Little seen, and admittedly somewhat ungainly, that film at least had the advantage of putting its youthful private’s moral awakening effectively centre-stage, something that Demange and Burke struggle to achieve, since the blank-canvas portrayal of Hook in the opening exchanges comes back to haunt the film later on. Yes, there’s more initial sympathy for the fierce jeopardy in which he finds himself, but as the story closes in on its conclusion there’s not much narrative traction involved in his gaining a fuller picture of his own side’s malpractices, since to this rather amorphous individual it never seemed that much of an issue anyway. Story-wise, the result falls into a hole between the universality of the frightened kid in uniform and the challenging particulars of Northern Ireland’s raging past – but there is still much to admire on screen, not least the palpable atmosphere of incipient dread in the labyrinth of unfamiliar streets.

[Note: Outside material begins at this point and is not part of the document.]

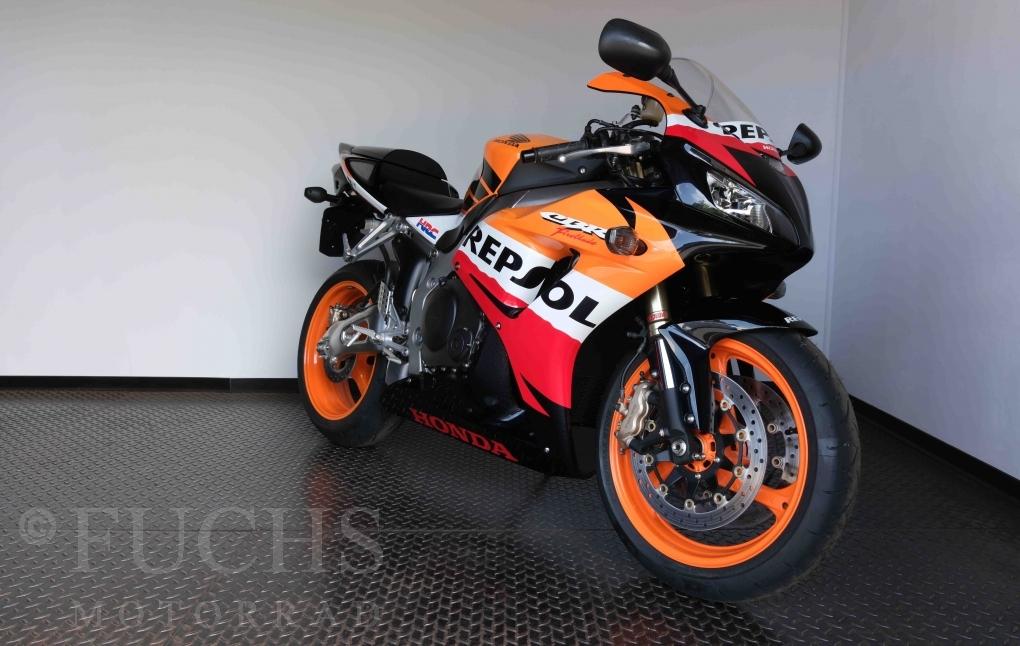 2008 Honda CBR 1000 RR Fireblade Repsol SC57 No. 961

Belfast-born David Holmes’s unsettling, percussive score (thankfully devoid of the clichéd Celtic folkery most Ulster-set films are burdened with) and cameraman Tat Radcliffe’s assured approximation of the washed-out palette of vintage news footage make their contribution to a confident, muscular début from Demange; and for all its flaws ’71 offers a lapel-grabbing, immersive viewing experience likely to shake up audiences who couldn’t otherwise care less about the boredom-factor whys and wherefores of Northern Ireland’s bitterest years.